For an in-depth explanation of the DataOps pipeline types and structure, see the Pipeline Overview documentation.

The pipeline cache is saved on the DataOps.live runner host machine in the /agent_cache folder or the cache folder specified during the Runner Installation. A folder with a name set to pipeline id/number is created inside /agent_cache for each pipeline. This pipeline cache is designed to reduce pipeline build- and runtime by allowing components or dependencies from a particular pipeline run to be used in subsequent runs without being created or downloaded at the start of every pipeline run.

This cache also saves and retrieves the encrypted secrets stored in the DataOps.live vault. This vault contains the credentials specified in YAML files in the host machine's /secrets folder.

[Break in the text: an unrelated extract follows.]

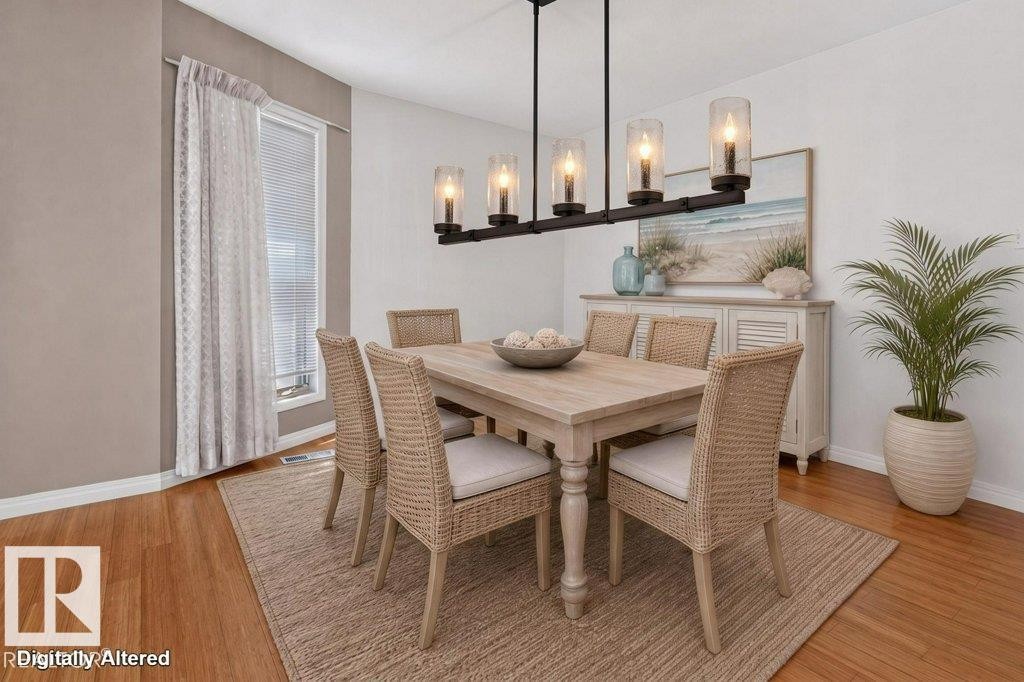 Dining area featuring a linear chandelier with five glass shades, wood-finish flooring, a window with blinds, and white baseboards - 16524 99 Street Nw, Edmonton, AB - Indoor Photo Showing Dining Room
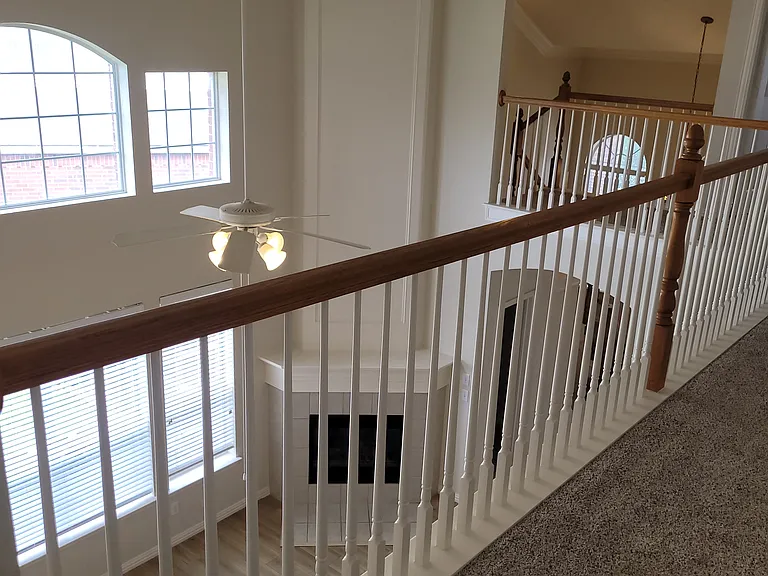 2nd floor hallway with living room view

See the Vault document for more information.

By default, the pipeline cache is not removed from the host machine. However, if required, it can be destroyed by setting the environment variable CACHE_CLEANUP. The following code snippet shows how to set CACHE_CLEANUP to ensure the cache is removed from the host machine at the end of the pipeline run.

clean-cache:
extends:
- .agent_tag
image: $DATAOPS_BASE_RUNNER_IMAGE
stage: Clean Up
variables:
CACHE_CLEANUP: 1

This cleans up the whole cache for the current pipeline if /dataops is called with CACHE_CLEANUP.

danger

If any other job runs after the cache is deleted, it may lead to failure or an incorrect result. Therefore, it is best to avoid setting the CACHE_CLEANUP environment variable.

Pipeline cache details

The DataOps Runner configuration will mount /cache/$AGENT_TAG:/agent_cache/:rw. In other words, /cache/$AGENT_TAG on the host gets mounted to /agent_cache in each pipeline's job container.

And, to avoid conflicts between different pipelines that use the same agent, each job will create (if it doesn't exist) a /agent_cache/$CI_PIPELINE_ID directory and then logically link this to /cache. As a result, all other functions in a job can just read and write from /cache without interfering with other pipelines.

Lastly, suppose there is a security need to isolate one pipeline from all other pipelines. In that case, it should have its own DataOps Runner, preventing other pipelines from physically reading any of its caches.